Le constat est unanime, les cours des marchés dans la filière bovine sont plutôt porteurs en ce début d'année. La fédération nationale bovine (FNB) parle de « perspectives plus favorables » qu'en 2014 et incite donc sérieusement les entreprises à « passer les hausses ». Guy Hermouët résume la situation en quelques phrases : « La consommation se tient bien. Il n'y a pas de stocks d'animaux en ferme. Quelques débouchés supplémentaires sur les pays tiers se sont ouverts (Egypte, Tunisie...). Près de 60 000 animaux, soit un nombre non négligeable, sont abattus par semaine. La conjoncture laitière n'est pas aussi catastrophique, d'où un nombre réduit de vaches de réforme sur le marché. Les cours devraient se tenir. » Jean-Marc Chaumet, chef de projet conjoncture viande bovine à l'Institut de l'élevage, le confirme : « Les prix se tiennent aussi bien en broutards qu'en jeunes bovins (JB) ou qu'en vaches. » Côté jeunes bovins (JB), un recul de l'offre en Allemagne permet de maintenir les cours du fait des fortes exportations françaises vers ce pays. L'Allemagne tire donc les cours français. Par ailleurs, ceux de la vache de réforme laitière sont bons également
(+ 0,15 à 0,20 euro), malgré la hausse des volumes abattus (+ 8 % de mi-février à mi-mars 2015 par rapport à la même période en 2014). L'Europe du Nord, en déficit d'abattage, exporte moins vers la France et permet donc au prix de progresser, selon Jean-Marc Chaumet. « Pour résumer rapidement, le manque d'abattage de JB et de vaches permet de maintenir les cours », observe-t-il.
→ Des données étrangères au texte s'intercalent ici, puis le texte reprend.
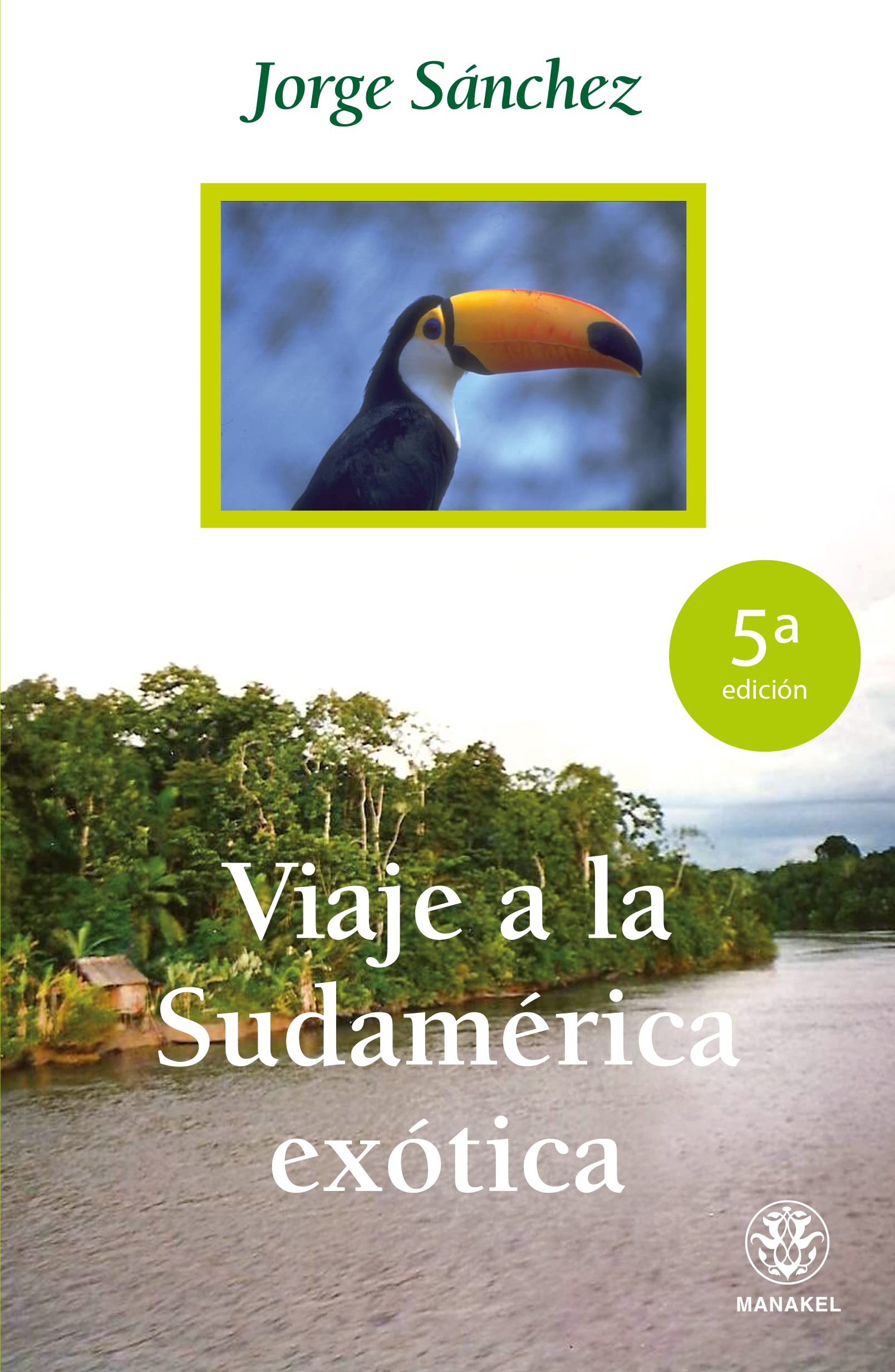 VIAJE A LA SUDAMERICA EXOTICA Science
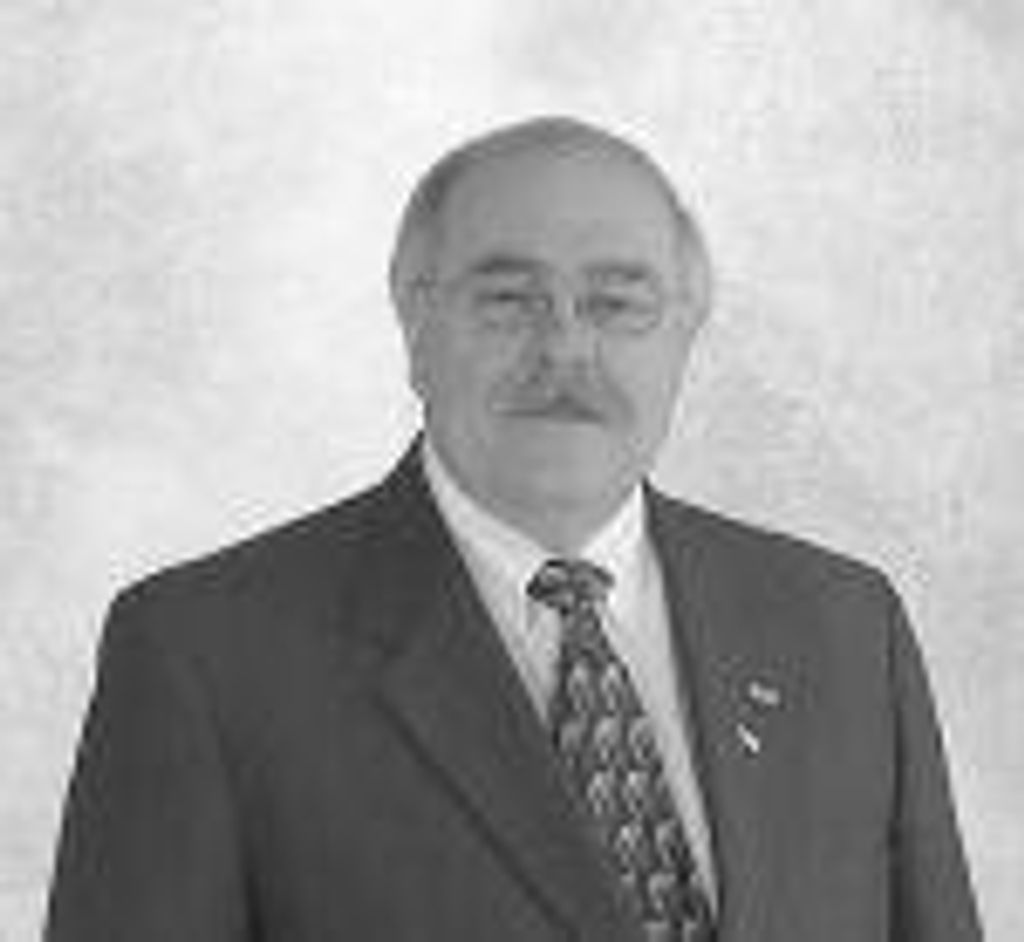 Kenneth C. Feldmann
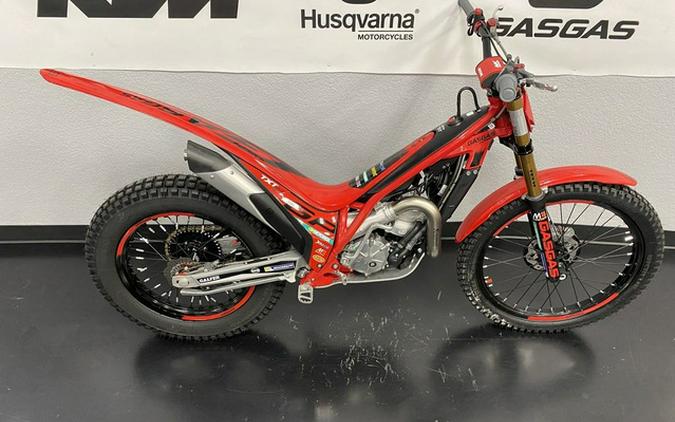2025 GASGAS TXT GP 300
Le marché turc soutient les cours du broutard
Sur le marché du broutard, le constat est le même. Certes, la hausse saisonnière des cours est bien là. Pour autant, les pays tiers tirent aussi le marché à la hausse. « La Turquie continue d'importer en grand nombre (broutards de moins de 300 kg). En janvier, 6 500 animaux sont partis », analyse-t-il. Pierre Richard, directeur commercial de Deltagro-Union, annonce, lui, un chiffre de 15 000 animaux exportés fin mars. Pour lui, la Turquie
« est un marché à très fort potentiel, beaucoup plus que le Maghreb », même s'il reste très aléatoire. Si la Turquie ne ferme pas ses portes durant l'année, « à ce rythme là, près de 70 000 à 80 000 animaux prendraient cette destination », soient 8 à 10 % des exportations vers l'Italie. « On déshabille Paul pour rhabiller Pierre ! », s'alerte tout de même Pierre Richard en pensant au manque que cela pourrait représenter sur les marchés italien et français. « Le risque est aussi de perturber le marché français. Ce sont autant d'animaux engraissés en moins en France », explique-t-il. Avec la nouvelle Pac, l'engraissement n'a pas forcément la cote chez nous. Pour Guy Hermouët : « Il manque la sécurité des marges et du prix pour les engraisseurs. Les éleveurs engraisseurs isolés ont plus de risque d'arrêter que ceux travaillant en organisation de producteurs avec une contractualisation. »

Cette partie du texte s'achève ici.